## Dataset content
::::
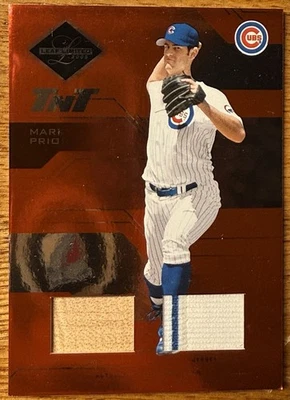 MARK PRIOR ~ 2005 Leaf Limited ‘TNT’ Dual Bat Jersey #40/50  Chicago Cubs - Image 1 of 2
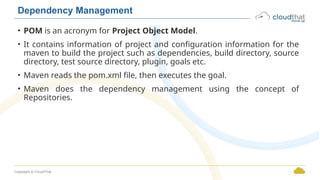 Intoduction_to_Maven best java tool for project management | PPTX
::::
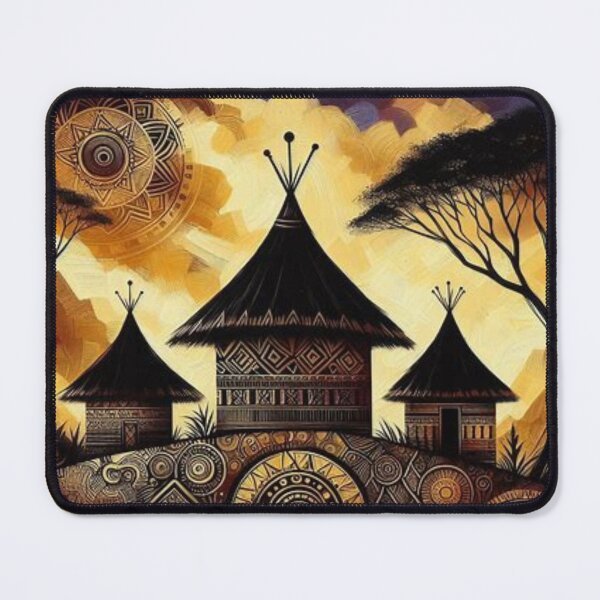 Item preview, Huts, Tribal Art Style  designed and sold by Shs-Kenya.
::::
## Aim of the exercise
Reproduce the data above exactly, but only from the line containing "MARK PRIOR ~" through the line containing "Intoduction_to_Maven best java"; skip the pictures.

## Result of this task
 MARK PRIOR ~ 2005 Leaf Limited ‘TNT’ Dual Bat Jersey #40/50  Chicago Cubs - Image 1 of 2
 Intoduction_to_Maven best java tool for project management | PPTX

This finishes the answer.